IAN HISLOP IN CONVERSATION WITH GUY WALTERS, CHALKE VALLEY HISTORY FESTIVAL, EBBESBOURNE WAKE

“WHICH Victorian philanthropist would be most effective today?”, satirist, journalist and sometime comedian Ian Hislop was asked on Friday night.

“The Earl of Shaftesbury, because he could bore out the House of Commons for hours on end,” was his answer, which was greeted with much laughter.

This came at the end of a fact-filled hour about the Victorian ‘do-gooders’, the men and women greatly admired by Hislop for being ‘good eggs’ for one reason or another.
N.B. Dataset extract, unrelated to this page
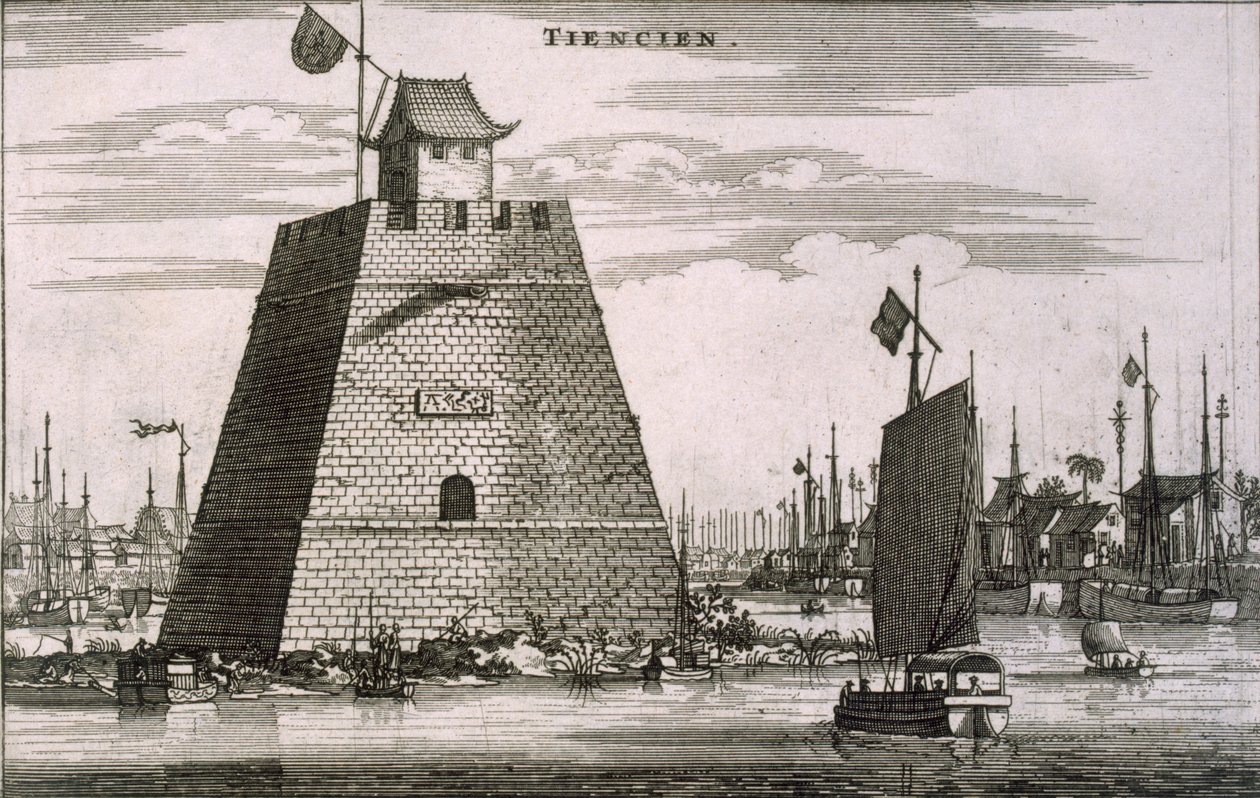 Pevnost u přístavu v Tientsinu, 1665 od Johannes Nieuhoff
“Many of the people I admire are bonkers,” he said, adding that he admired many Victorians for their “energy, selfbelief and can-do attitude”, all spoken as he smiled from ear to ear, as he did throughout much of the talk, as he chatted to fellow historian Guy Walters about his heroes.
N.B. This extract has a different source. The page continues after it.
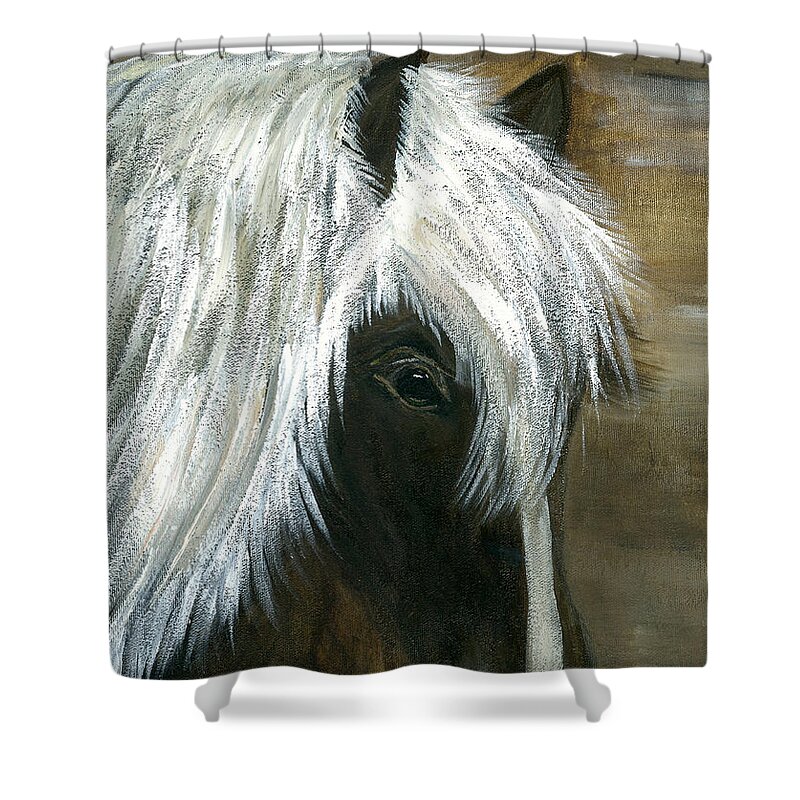 Horse Shower Curtain featuring the painting Kola by Barbie Batson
An hour spent in Ian Hislop’s company is rewarding fodder, whether describing Charles Dickens’ boozy habit of standing on his head in a cab, or pointing out that the statue in Piccadilly Circus dedicated to Lord Shaftesbury is in fact Eros’ twin Anteros. He delighted in telling how London’s flocks of camera clicking tourists think it is a statue dedicated to love when it is, in fact, dedicated to the man who spent 50 years trying to stop child labour including using children as chimney sweeps.

Hislop’s favourite Victorian was Ellice Hopkins, the social campaigner and founder of The White Cross Army. “Votes for women, chastity for men”, was her mantra, he said.

And which Victorian would he invite to the panel of Have I Got News For You? Why, his old friend Charles Dickens.

“Because we would not have to do anything, he could do all the jokes.”